Bhat Chitralekha, Strik Helmer
Centre for Language and Speech Technology (CLST), Radboud University Nijmegen, The Netherlands.
Centre for Language and Speech Technology (CLST), Radboud University Nijmegen, The Netherlands; Centre for Language Studies (CLS), Radboud University Nijmegen, The Netherlands; Donders Institute for Brain, Cognition and Behaviour, Radboud University Nijmegen, The Netherlands.

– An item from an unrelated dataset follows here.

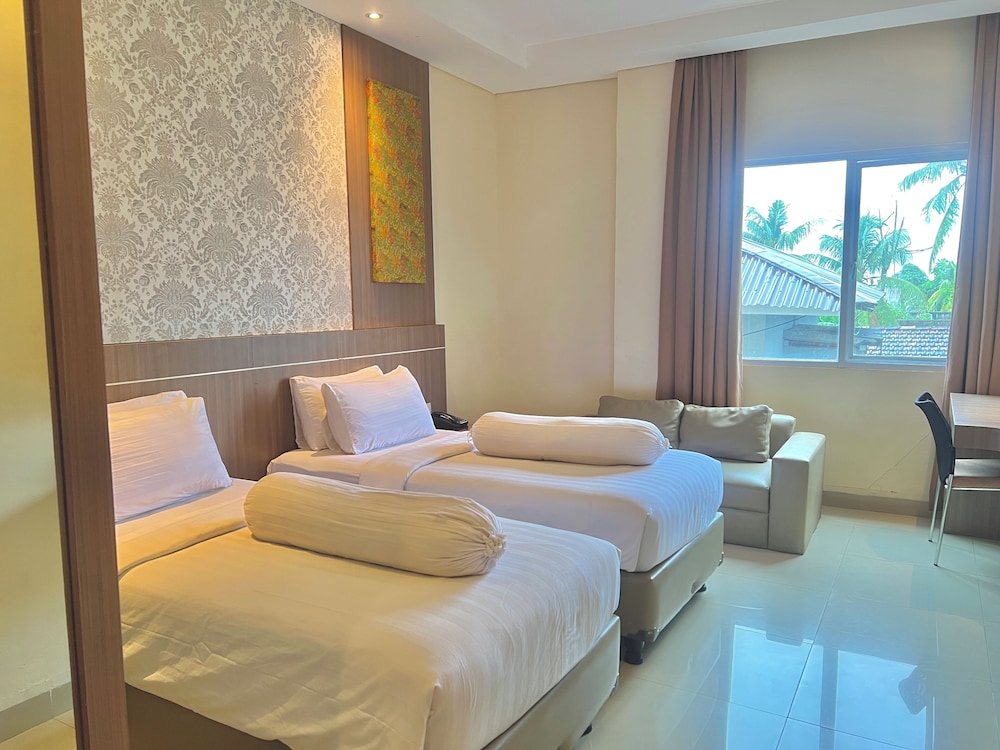 Nevada Ketapang Hotel (Formely Asana Nevada Ketapang) 17/37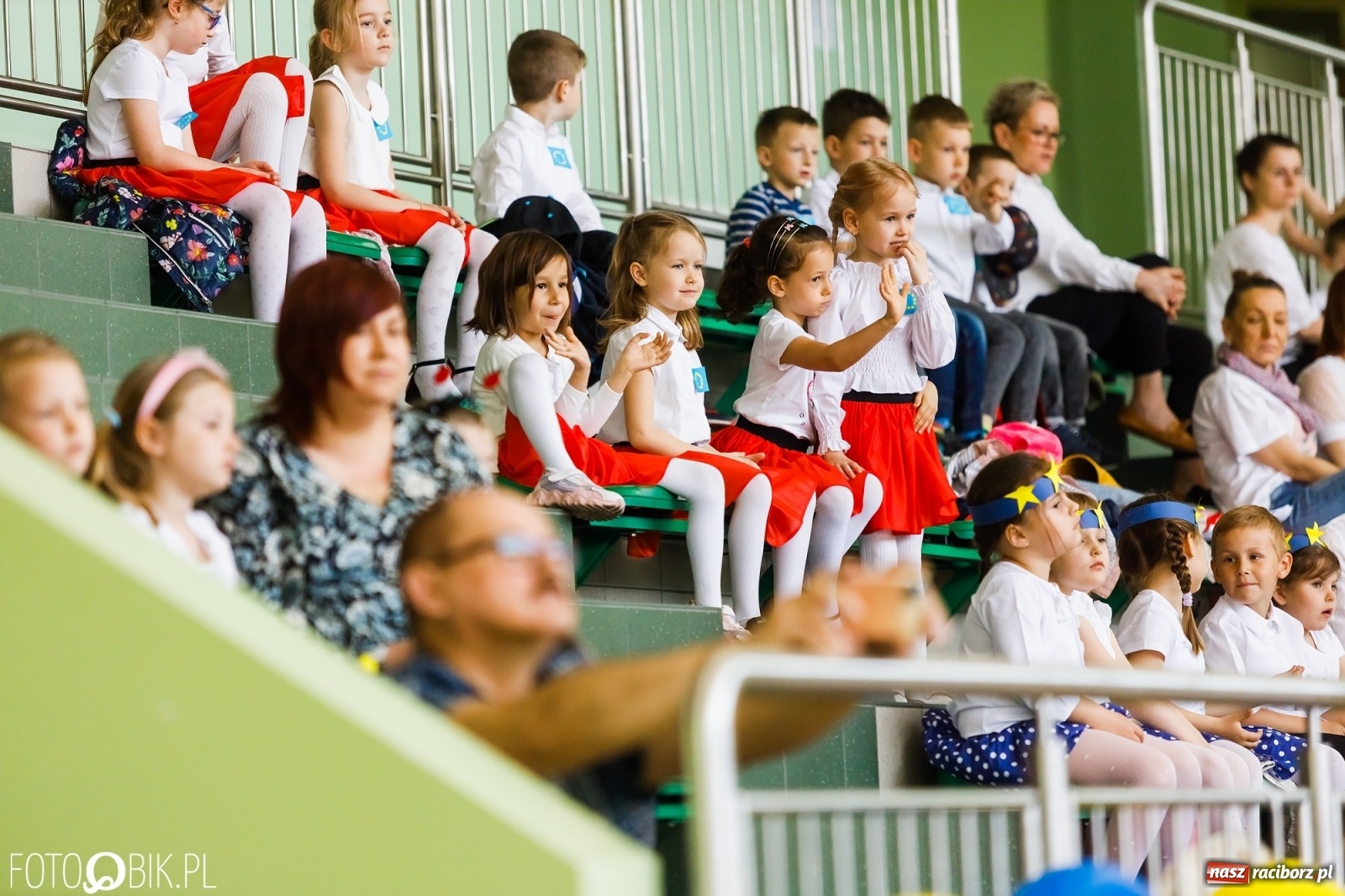 Zdjęcie w galerii na portalu naszraciborz.pl: Festiwal Twórczości Dziecięcej w Arenie Rafako wiadomości z regionu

Comput Biol Med. 2025 May;189:109954. doi: 10.1016/j.compbiomed.2025.109954. Epub 2025 Mar 13.
Machine learning (ML) and Deep Neural Networks (DNN) have greatly aided the problem of Automatic Speech Recognition (ASR). However, accurate ASR for dysarthric speech remains a serious challenge. The dearth of usable data remains a problem in applying ML and DNN techniques for dysarthric speech recognition. In the current research, we address this challenge using a novel two-stage data augmentation scheme, a combination of static and dynamic data augmentation techniques, designed by leveraging an understanding of the characteristics of dysarthric speech. We explore speaker-independent ASR using modifications to healthy speech using various perturbations, devoicing of consonants, and voice conversion, comprising stage one or static augmentations. Subsequent to the first stage, a modified SpecAugment algorithm tailored for dysarthric speech is employed. This variant, termed Dysarthric SpecAugment, leverages the characteristics of dysarthric speech and forms the second stage of the two-stage augmentation approach. This acoustic model is used to pre-train a speaker-dependent ASR using dysarthric speech. The objective of this work is to improve the ASR performance for dysarthric speech using the two-stage data augmentation scheme. An end-to-end ASR using a Transformer acoustic model is used to evaluate the data augmentation scheme on speech from the UA dysarthric speech corpus. We achieve an absolute improvement of 10.7% and a relative improvement of 29.2% in word error rate (WER) over a baseline with no augmentation, with a final WER of 25.9% for the speaker-dependent system.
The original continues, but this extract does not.